Start of Block

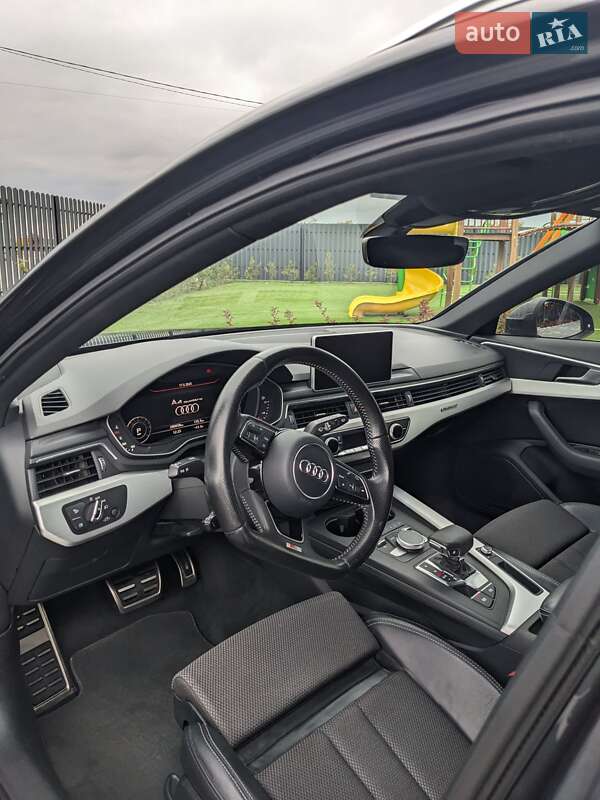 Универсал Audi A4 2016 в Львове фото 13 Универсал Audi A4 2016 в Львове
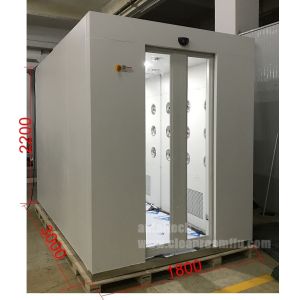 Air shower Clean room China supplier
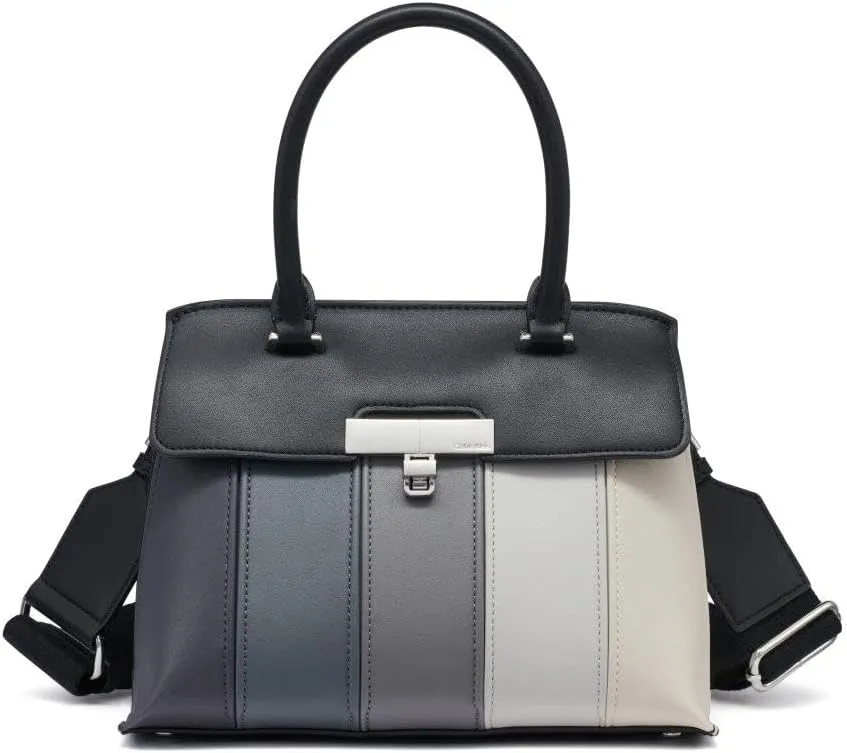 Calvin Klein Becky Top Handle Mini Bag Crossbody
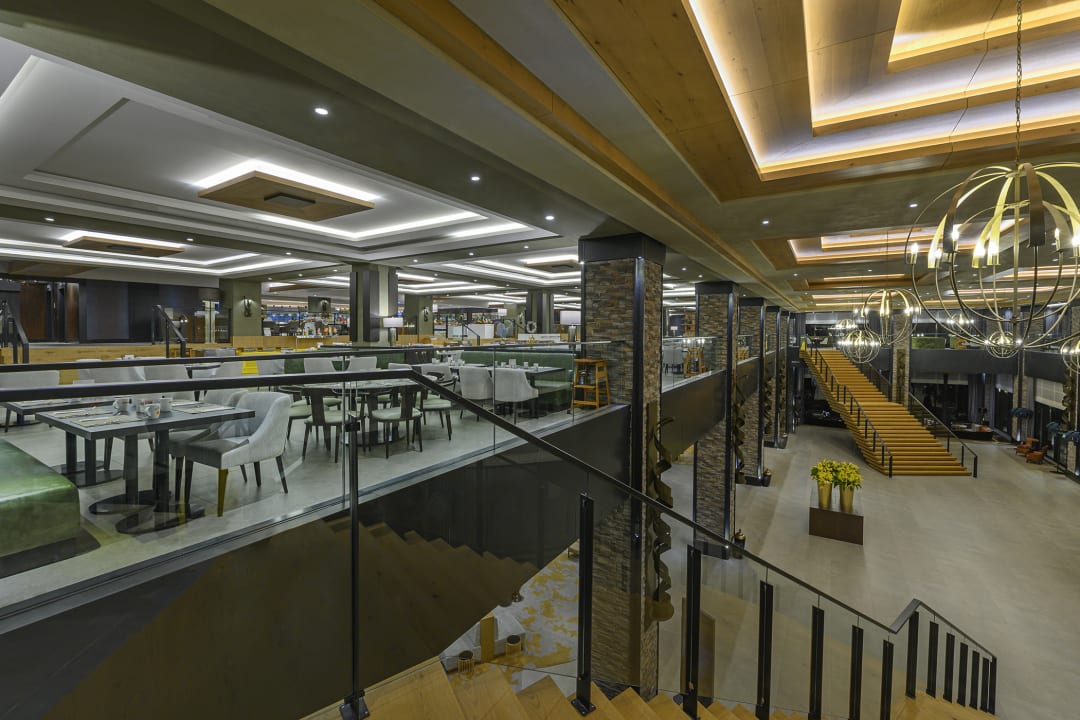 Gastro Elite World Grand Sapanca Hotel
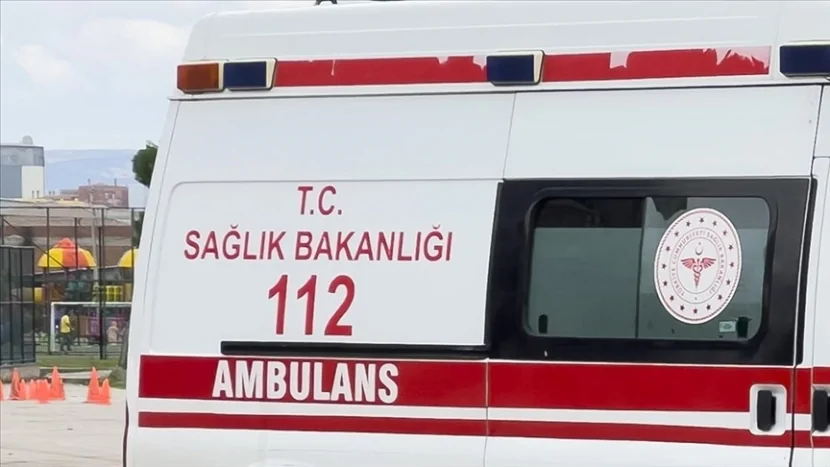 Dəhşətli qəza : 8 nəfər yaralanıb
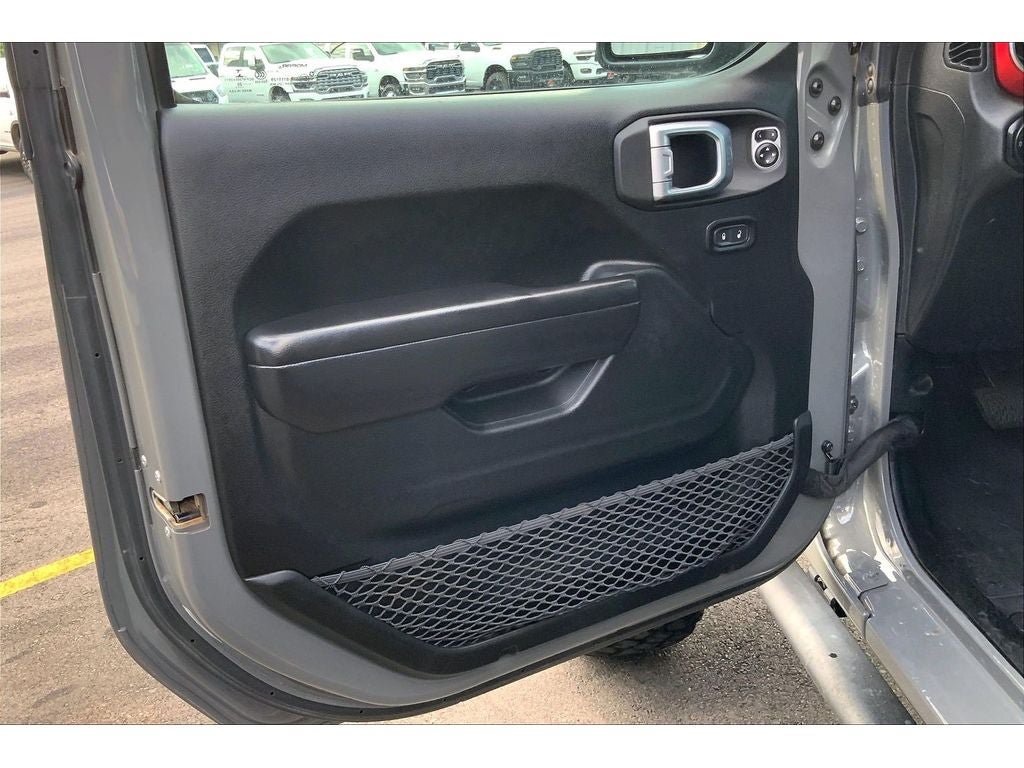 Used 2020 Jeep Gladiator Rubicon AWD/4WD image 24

End of Block
Start of Block

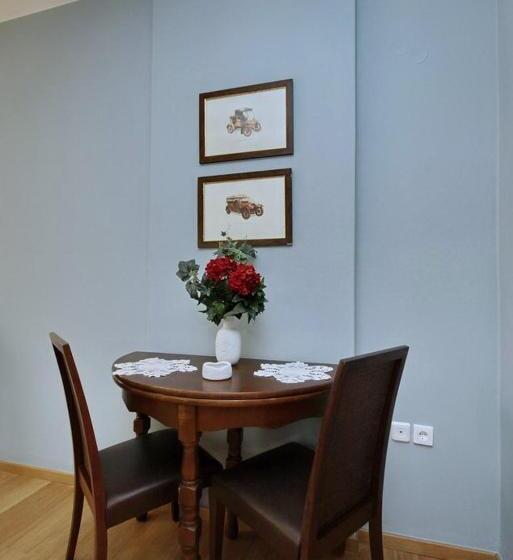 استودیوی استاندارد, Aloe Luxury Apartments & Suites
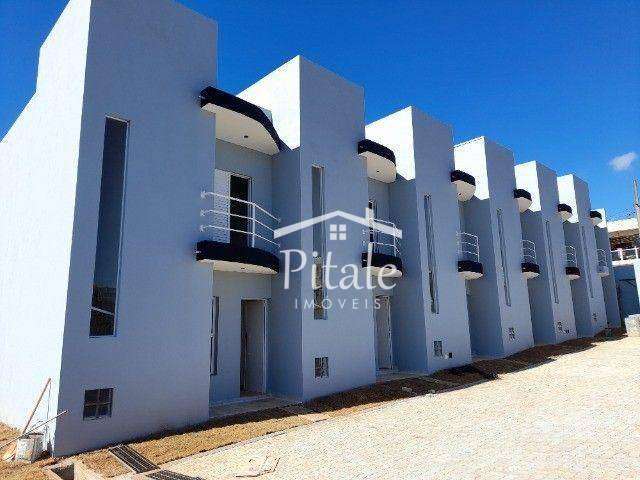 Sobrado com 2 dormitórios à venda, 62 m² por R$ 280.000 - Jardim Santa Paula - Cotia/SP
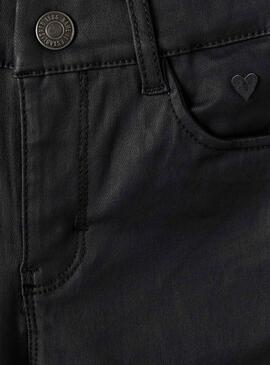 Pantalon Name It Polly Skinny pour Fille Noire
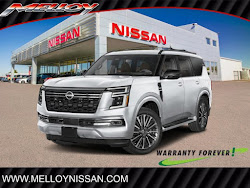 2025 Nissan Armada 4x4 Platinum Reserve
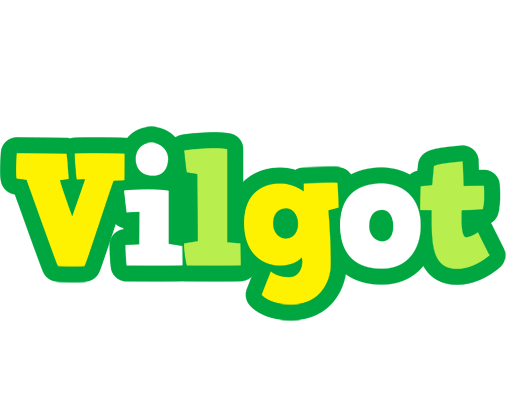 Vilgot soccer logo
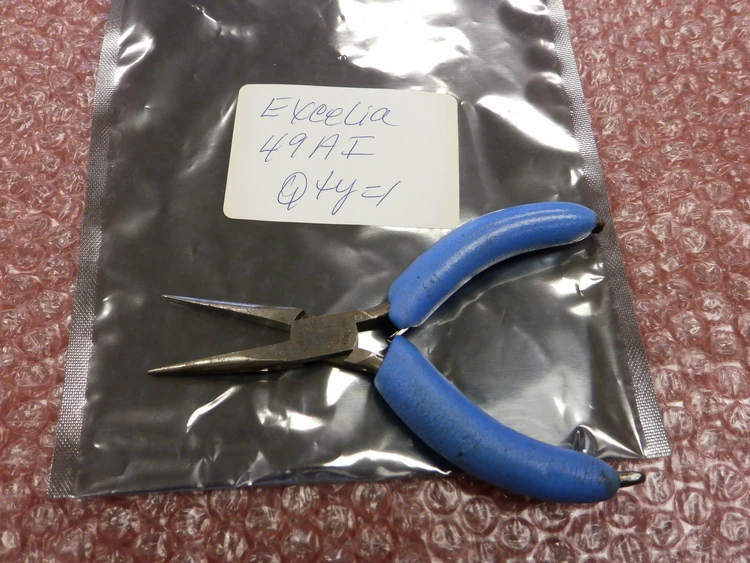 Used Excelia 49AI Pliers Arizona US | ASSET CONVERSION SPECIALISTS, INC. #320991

End of Block

◆ TASK DIRECTIONS:
Look through the material above. Transcribe exactly the lines between the ones with "استودیوی استاندارد, Aloe" and "Used Excelia 49AI", inclusive, and keep pictures out.

◆ WRITTEN ANSWER:
 استودیوی استاندارد, Aloe Luxury Apartments & Suites
 Sobrado com 2 dormitórios à venda, 62 m² por R$ 280.000 - Jardim Santa Paula - Cotia/SP
 Pantalon Name It Polly Skinny pour Fille Noire
 2025 Nissan Armada 4x4 Platinum Reserve
 Vilgot soccer logo
 Used Excelia 49AI Pliers Arizona US | ASSET CONVERSION SPECIALISTS, INC. #320991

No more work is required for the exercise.